§ Exercise instructions: All that is needed is the lines from the one containing "Move Oregon For A Greater Idaho Trucker Hat" through the end of the listing, printed exactly, with no pictures among them.

§ Data extracts:

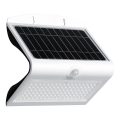 Luz solar LED com sensor de movimento e crepúsculo LED/6,8W/4000 mAh 3,7V IP65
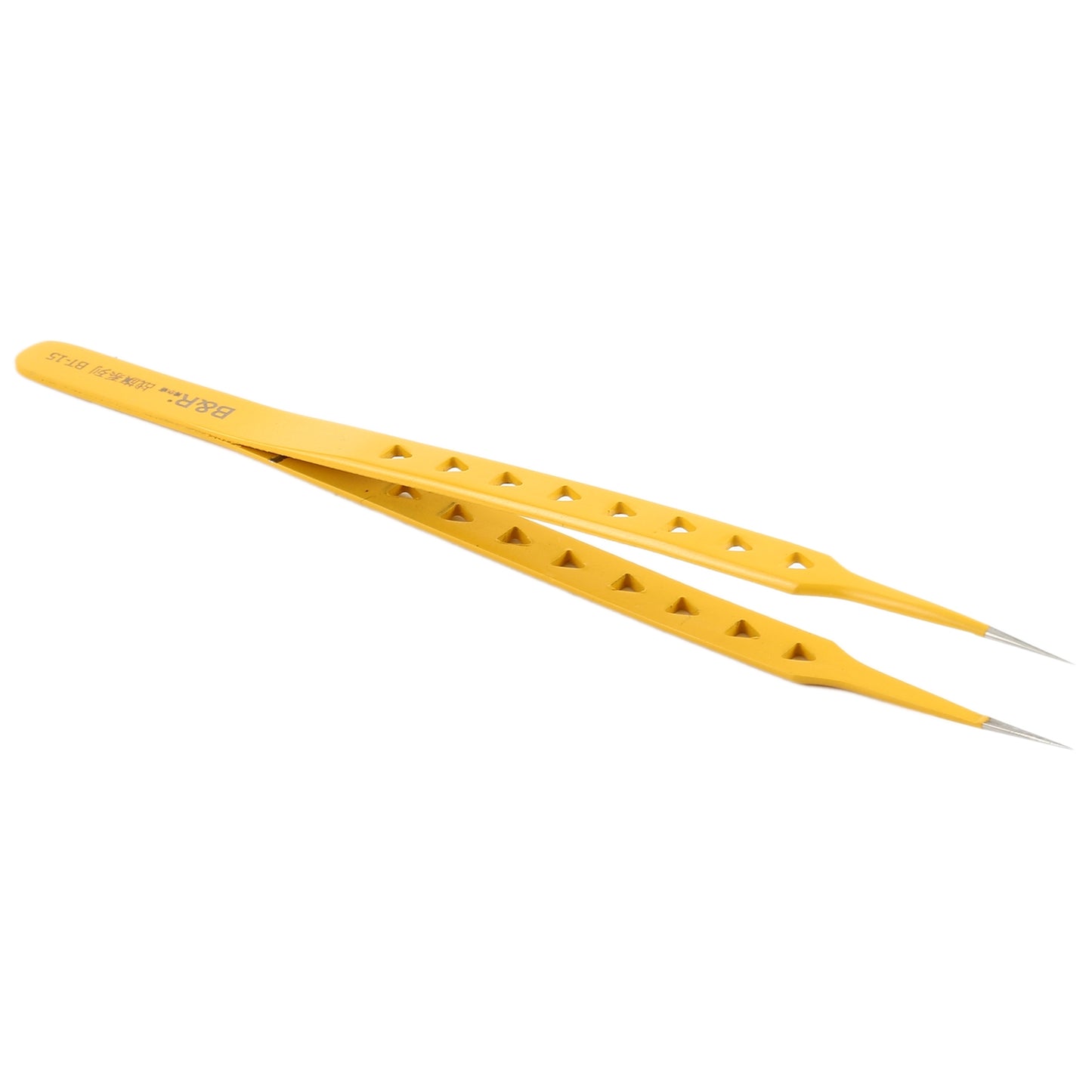 BT-15 High Precise Hole-desing Step Tweezers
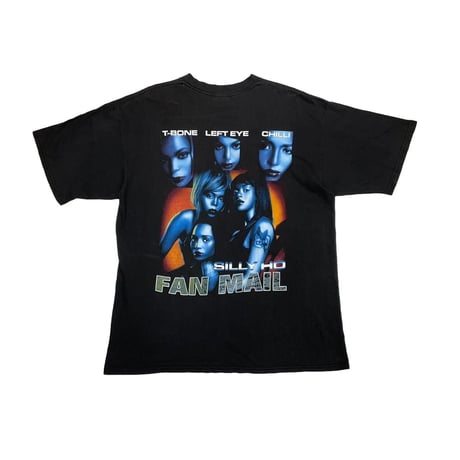 TLC FAN MAIL 1999 SPECIAL BOOTLEG DOUBLE SIDE ALLSPORT XL 0903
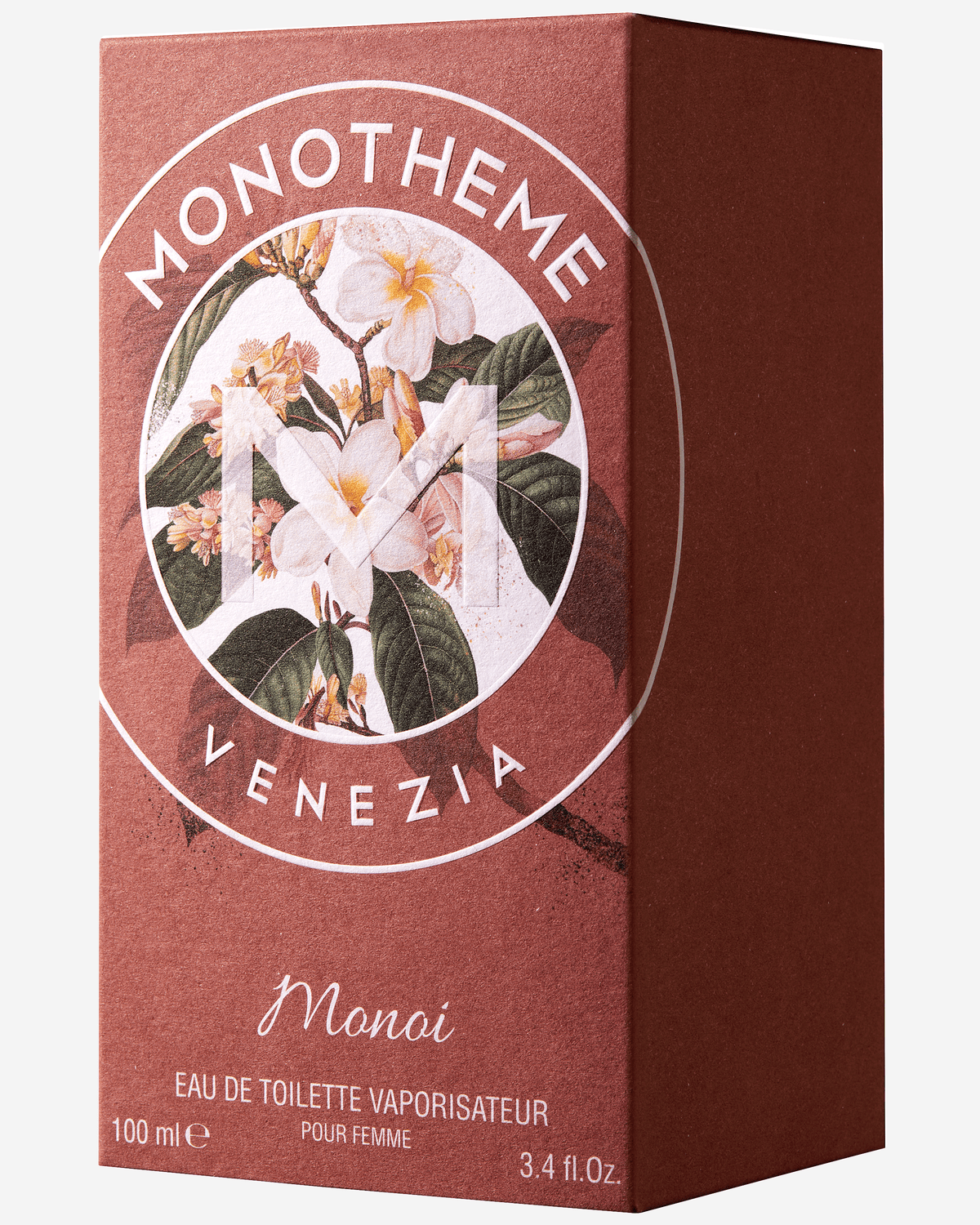 Monotheme Monoi Eau De Toilette Vaporisateur Pour Femme 100 Ml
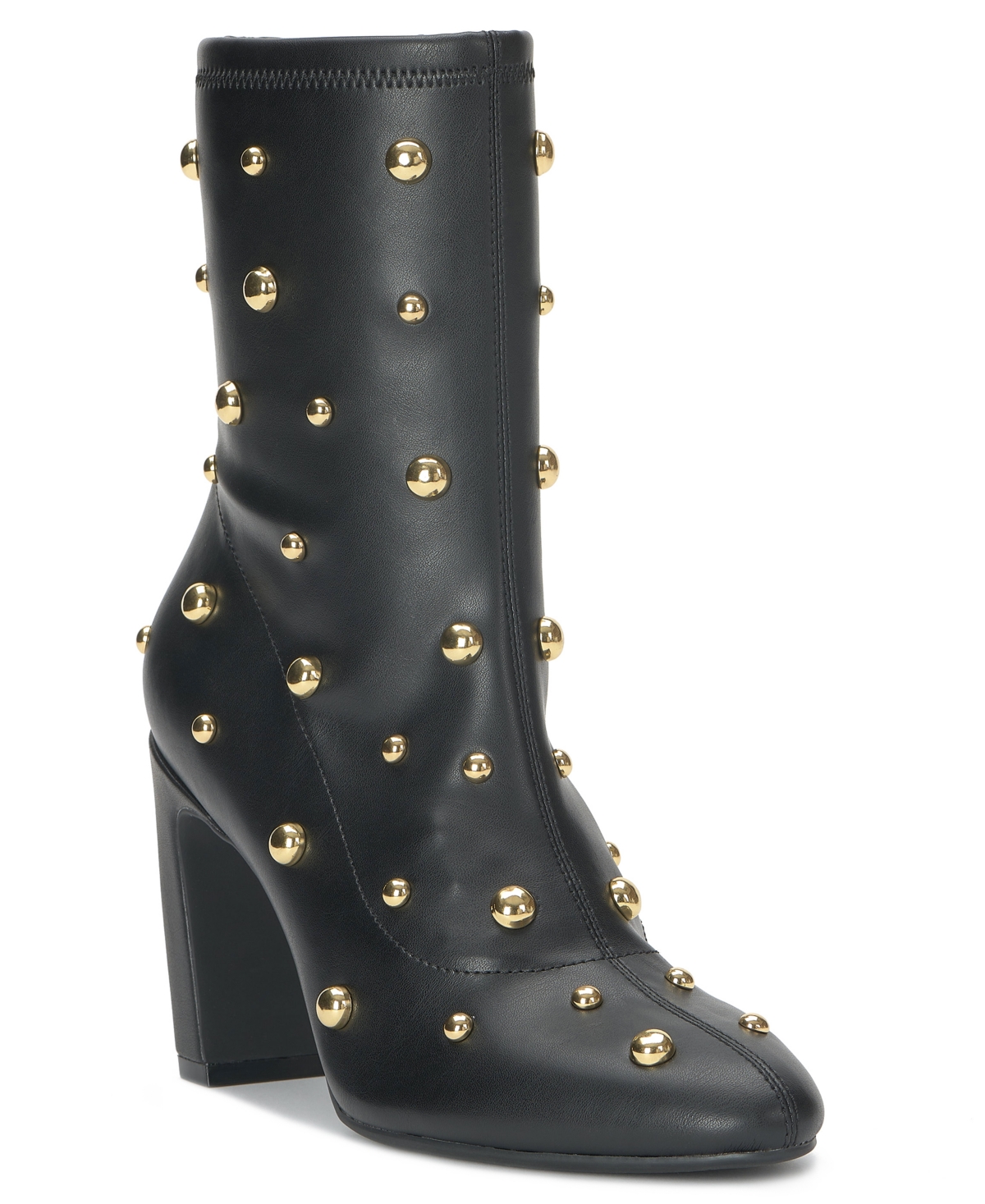 Inc International Concepts Women's Ezmae Dress Booties, Macy's Exclusive In Black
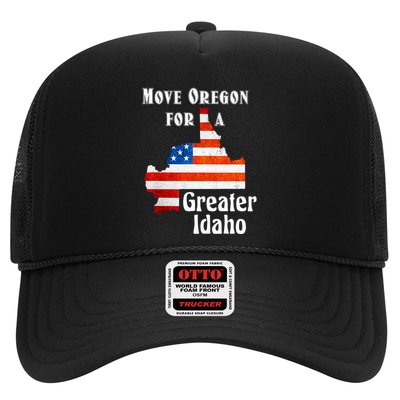 Move Oregon For A Greater Idaho Trucker Hat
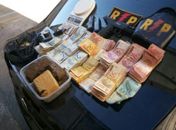 Material foi apreendido durante a operação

§ Your response:
 Move Oregon For A Greater Idaho Trucker Hat
 Material foi apreendido durante a operação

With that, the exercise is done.